_Work item_: What is needed is an exact copy of the records below, with the pictures left out.

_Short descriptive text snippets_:
+===+

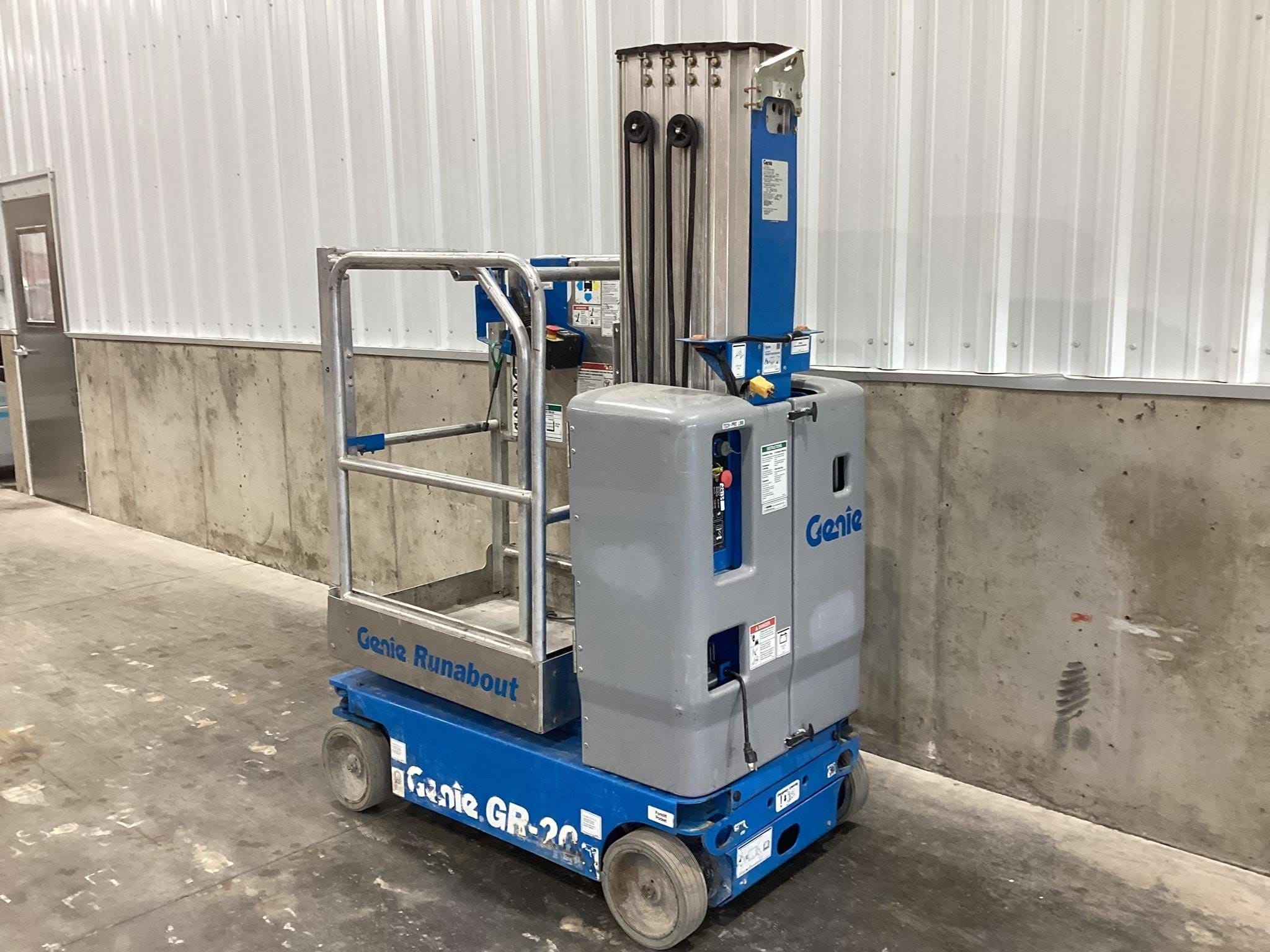 2019 Genie GR20 Equipment Image0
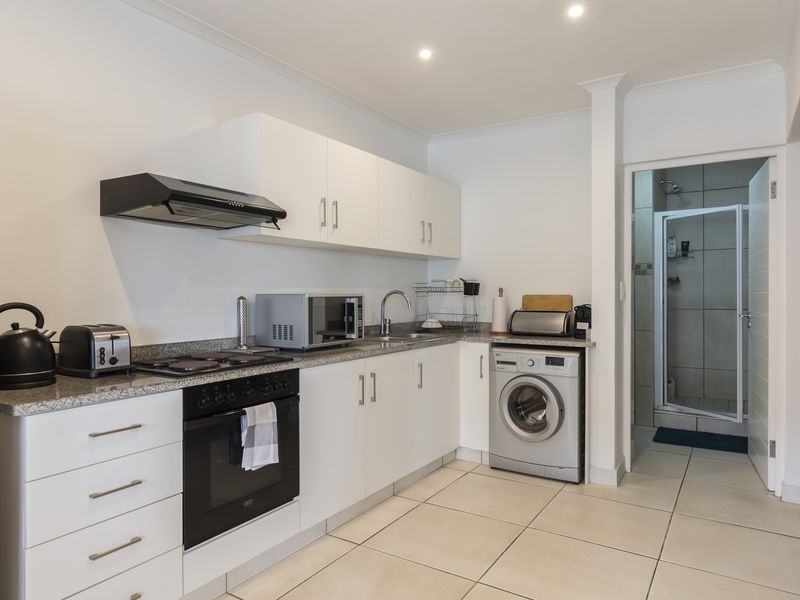 Contemporary convenience - Photo 7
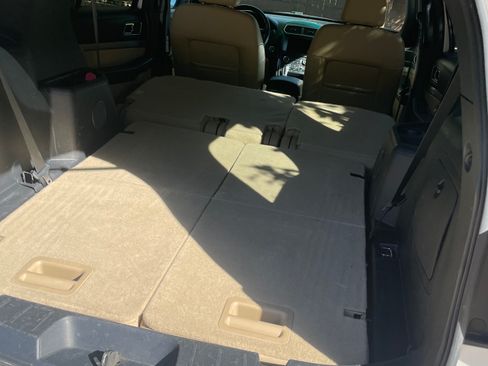 Used 2016 Ford Explorer XLT w/ Equipment Group 202A image 16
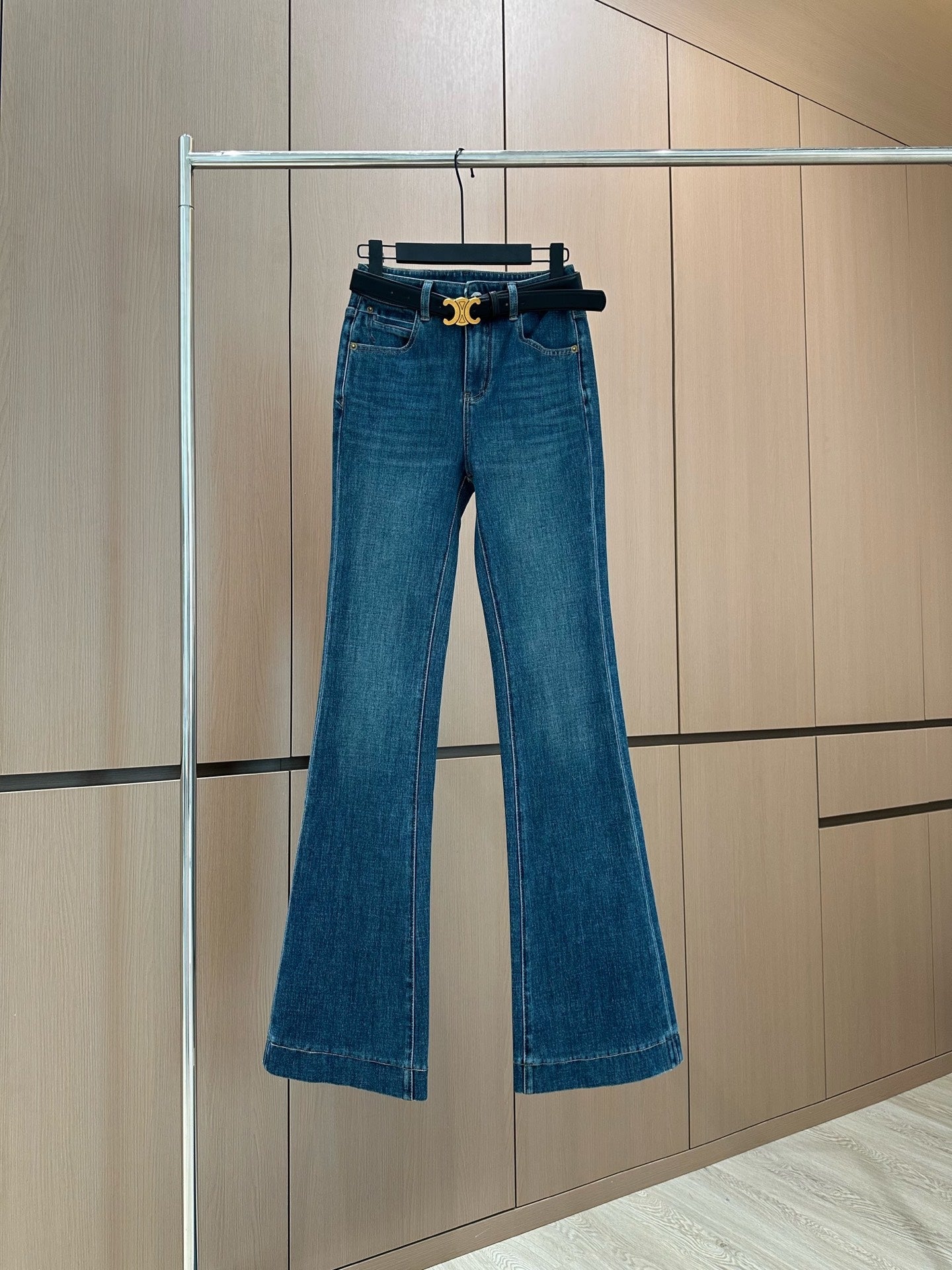 The same flared jeans as the goddess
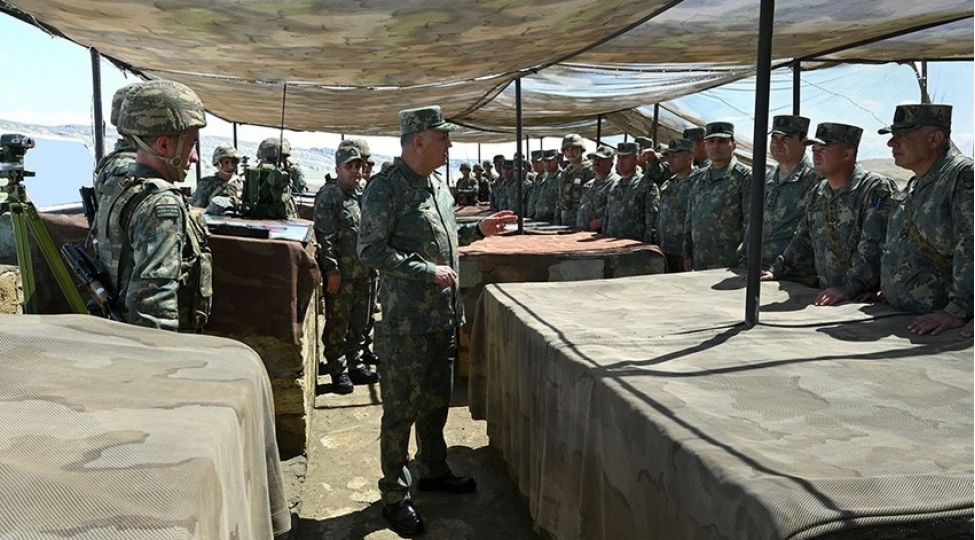 bash-qerargah-reisi-artilleriya-bolmelerinin-taktiki-telimini-izleyib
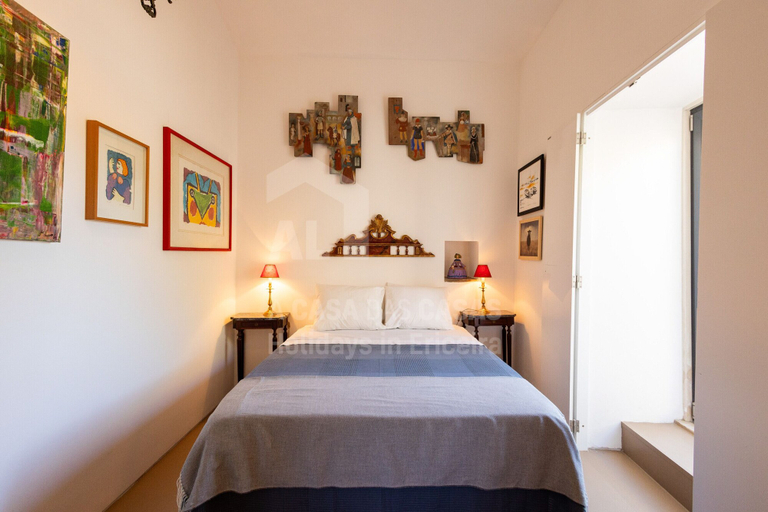Room 2, ZAS House by ACasaDasCasas, Mafra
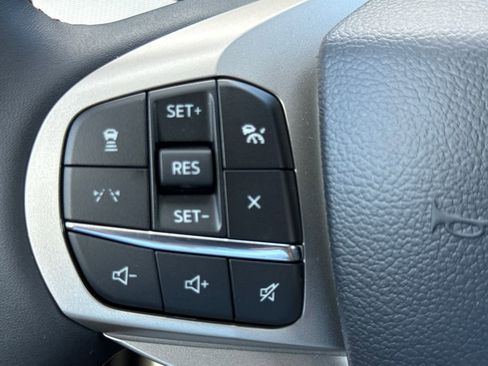 New 2026 Ford Explorer Active image 24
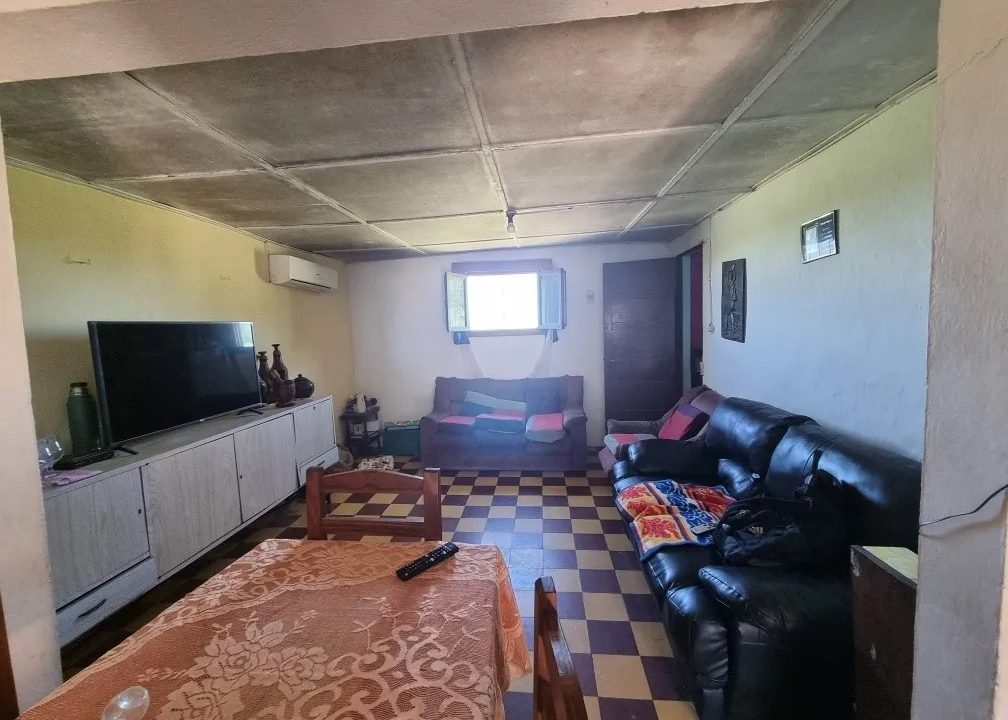 Chacra con vivienda y herramientas próxima a Canelones 11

+===+

_Answer for this exercise_:
 2019 Genie GR20 Equipment Image0
 Contemporary convenience - Photo 7
 Used 2016 Ford Explorer XLT w/ Equipment Group 202A image 16
 The same flared jeans as the goddess
 bash-qerargah-reisi-artilleriya-bolmelerinin-taktiki-telimini-izleyib
Room 2, ZAS House by ACasaDasCasas, Mafra
 New 2026 Ford Explorer Active image 24
 Chacra con vivienda y herramientas próxima a Canelones 11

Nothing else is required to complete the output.